__EXERCISE REQUIREMENTS__
Leave the pictures out and quote every line from the start of the listing to the line with "MARVEL x SPIDERMAN M Vintage-T-Shirt in Rot", inclusive.

__EXERCISE INPUT__
╔══

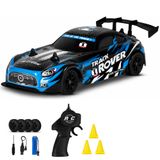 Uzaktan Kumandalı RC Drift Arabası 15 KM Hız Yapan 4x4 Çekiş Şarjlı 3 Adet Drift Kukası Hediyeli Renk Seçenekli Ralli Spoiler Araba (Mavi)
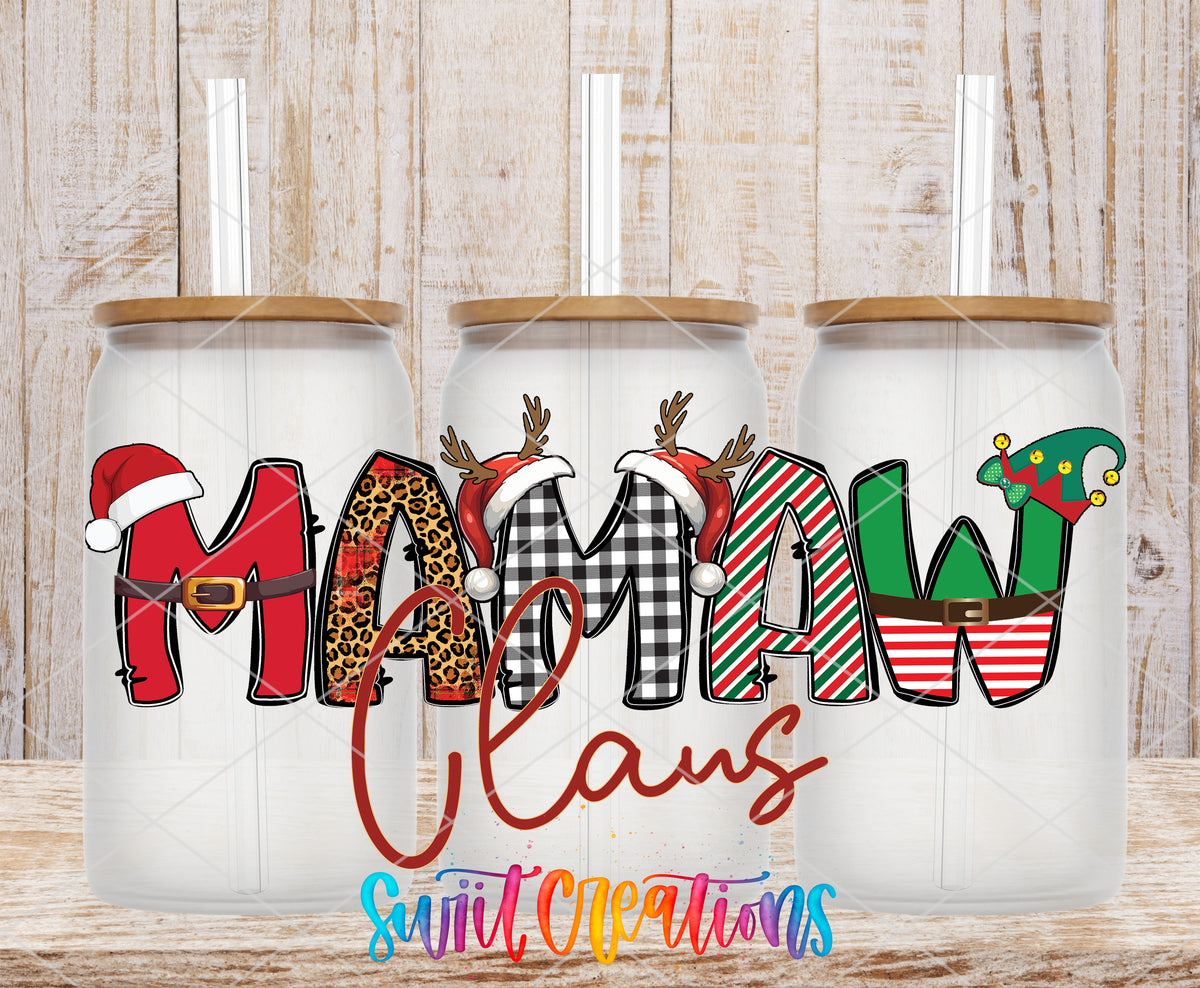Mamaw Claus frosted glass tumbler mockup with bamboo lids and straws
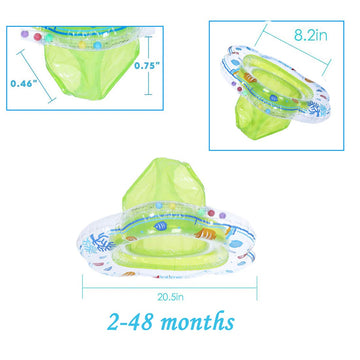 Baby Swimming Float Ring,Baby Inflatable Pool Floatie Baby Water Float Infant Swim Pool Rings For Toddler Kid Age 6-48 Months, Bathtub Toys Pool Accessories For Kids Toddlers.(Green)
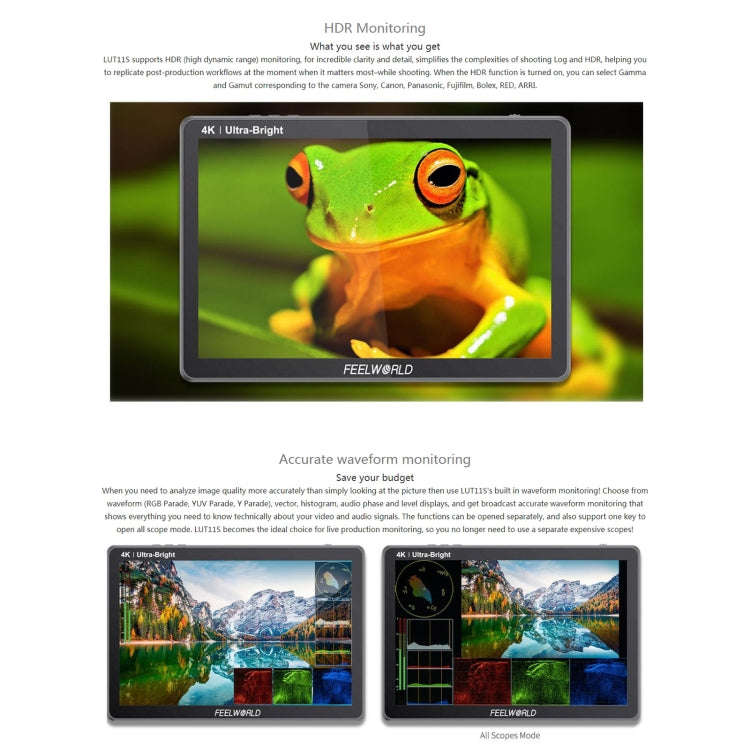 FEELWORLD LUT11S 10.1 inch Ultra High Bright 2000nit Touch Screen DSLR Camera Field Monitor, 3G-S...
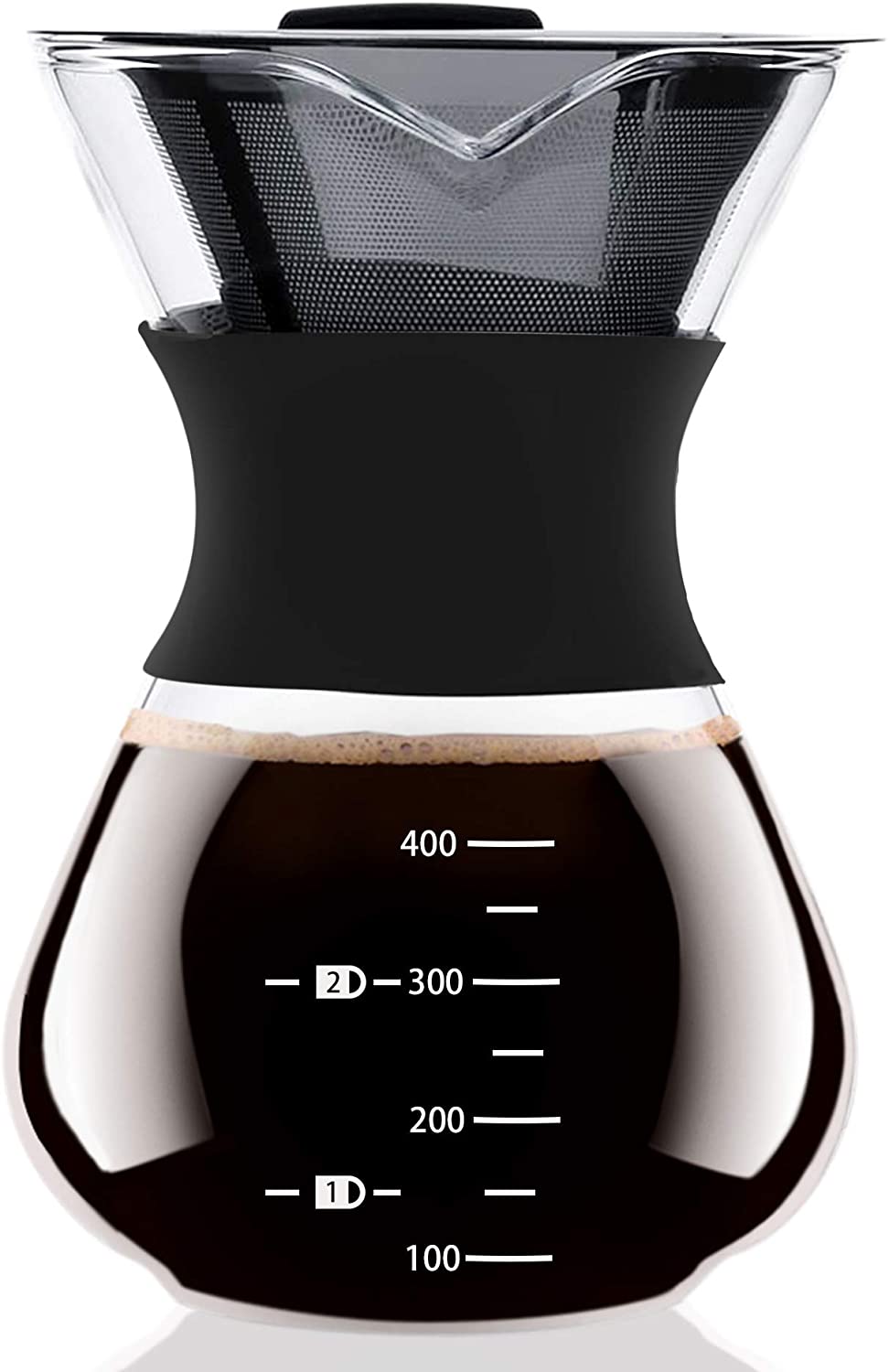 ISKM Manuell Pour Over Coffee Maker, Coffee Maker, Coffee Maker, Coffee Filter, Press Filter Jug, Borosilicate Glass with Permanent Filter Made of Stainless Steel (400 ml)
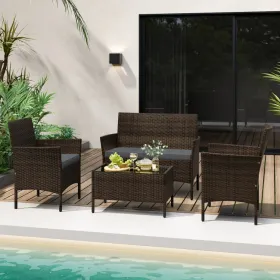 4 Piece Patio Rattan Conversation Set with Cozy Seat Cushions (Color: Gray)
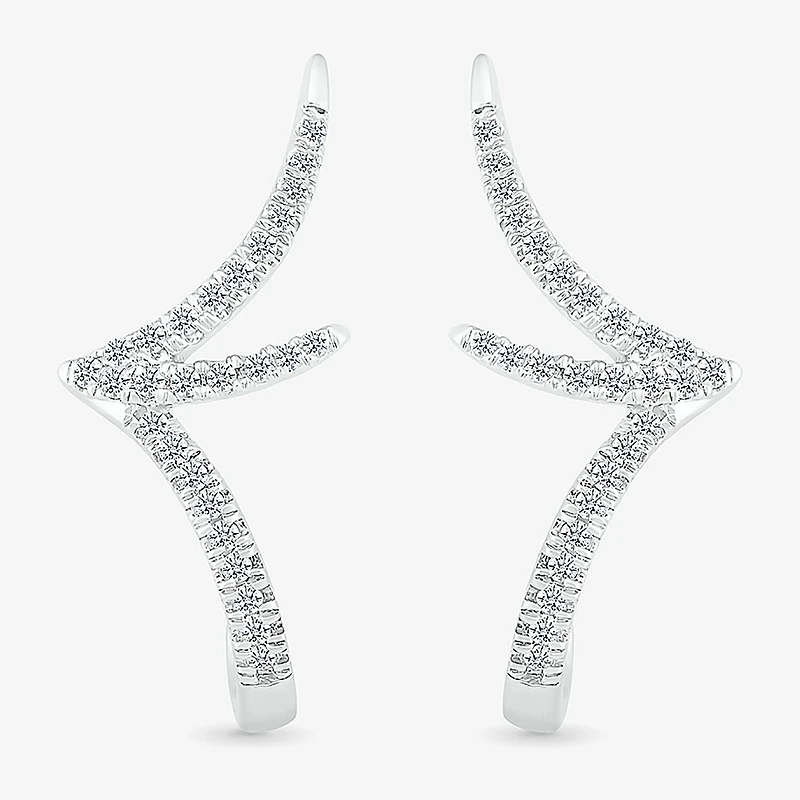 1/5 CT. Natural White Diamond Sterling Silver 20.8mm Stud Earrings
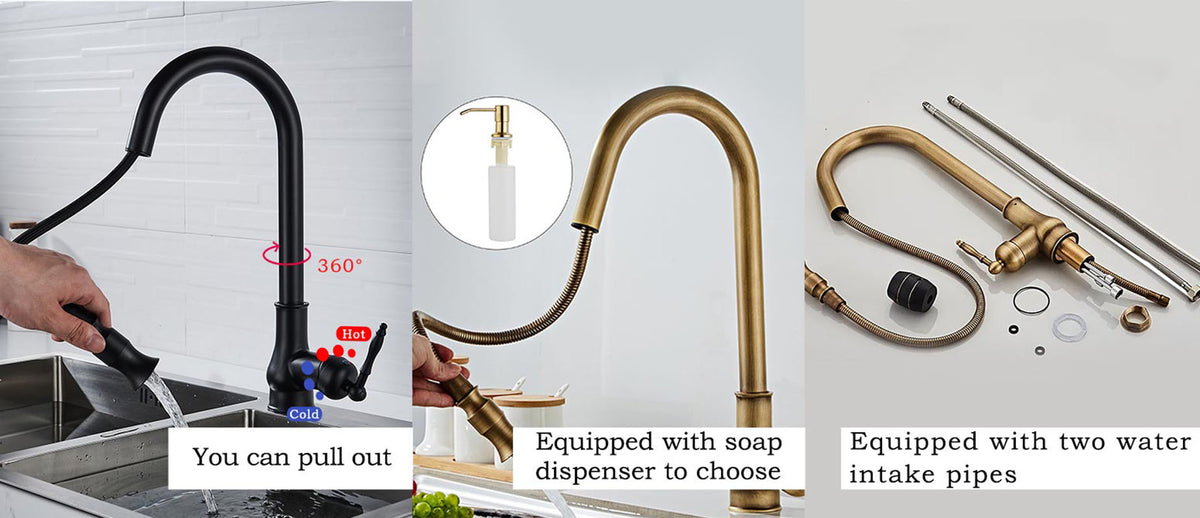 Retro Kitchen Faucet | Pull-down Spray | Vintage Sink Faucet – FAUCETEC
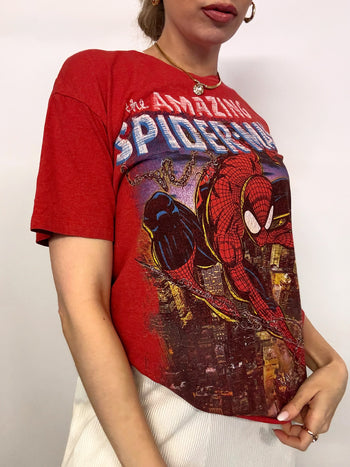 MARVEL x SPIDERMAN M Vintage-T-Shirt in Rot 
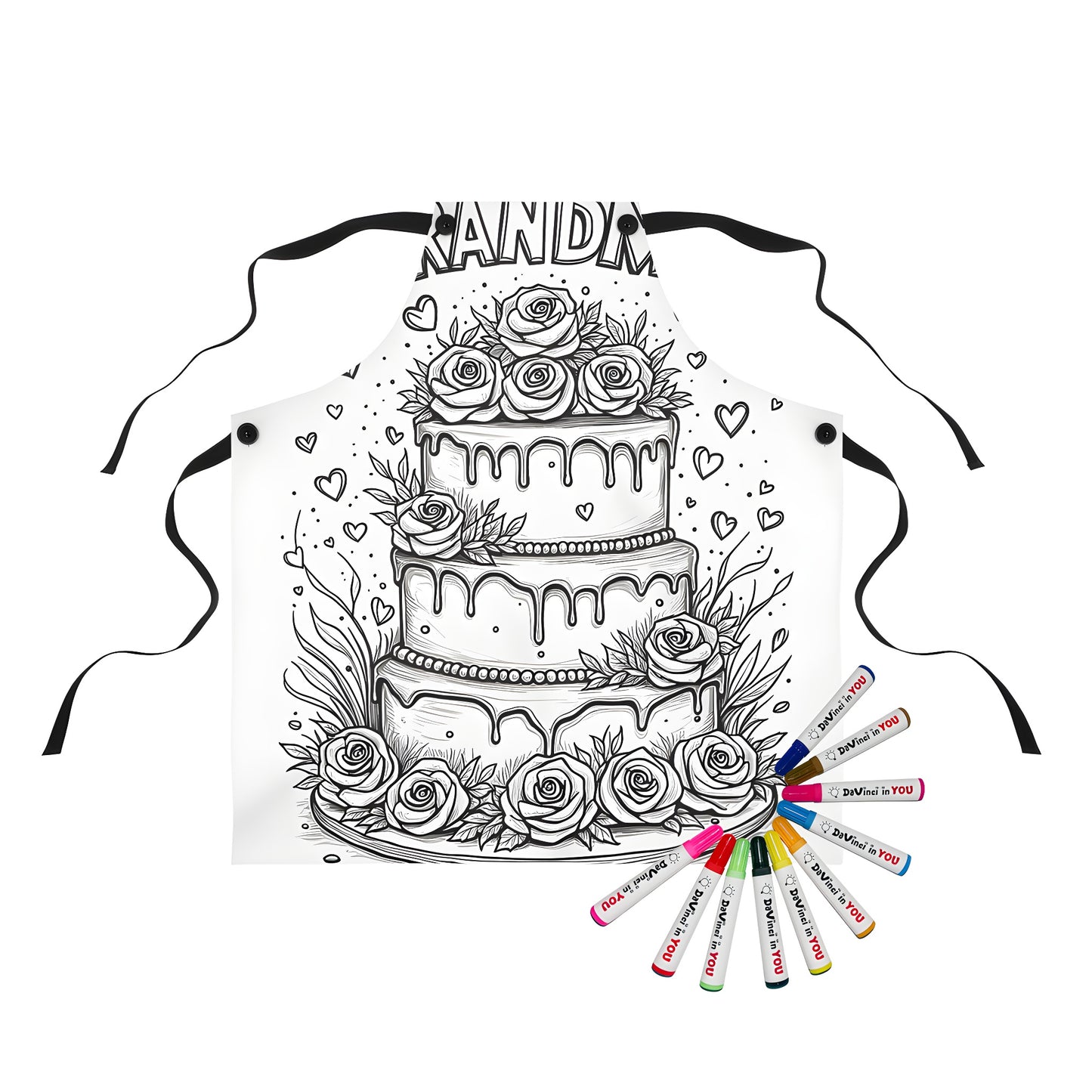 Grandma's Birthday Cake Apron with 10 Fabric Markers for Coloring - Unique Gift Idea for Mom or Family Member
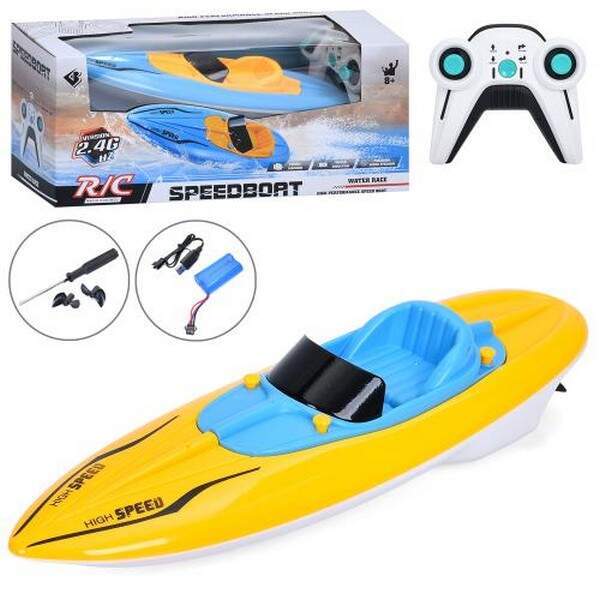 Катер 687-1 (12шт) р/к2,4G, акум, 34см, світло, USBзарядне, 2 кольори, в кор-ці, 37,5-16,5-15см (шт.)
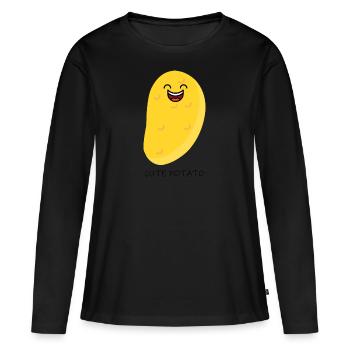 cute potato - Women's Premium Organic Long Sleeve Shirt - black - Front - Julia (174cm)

╚══

__ANSWER SECTION__
 Uzaktan Kumandalı RC Drift Arabası 15 KM Hız Yapan 4x4 Çekiş Şarjlı 3 Adet Drift Kukası Hediyeli Renk Seçenekli Ralli Spoiler Araba (Mavi)
Mamaw Claus frosted glass tumbler mockup with bamboo lids and straws
 Baby Swimming Float Ring,Baby Inflatable Pool Floatie Baby Water Float Infant Swim Pool Rings For Toddler Kid Age 6-48 Months, Bathtub Toys Pool Accessories For Kids Toddlers.(Green)
 FEELWORLD LUT11S 10.1 inch Ultra High Bright 2000nit Touch Screen DSLR Camera Field Monitor, 3G-S...
 ISKM Manuell Pour Over Coffee Maker, Coffee Maker, Coffee Maker, Coffee Filter, Press Filter Jug, Borosilicate Glass with Permanent Filter Made of Stainless Steel (400 ml)
 4 Piece Patio Rattan Conversation Set with Cozy Seat Cushions (Color: Gray)
 1/5 CT. Natural White Diamond Sterling Silver 20.8mm Stud Earrings
 Retro Kitchen Faucet | Pull-down Spray | Vintage Sink Faucet – FAUCETEC
 MARVEL x SPIDERMAN M Vintage-T-Shirt in Rot 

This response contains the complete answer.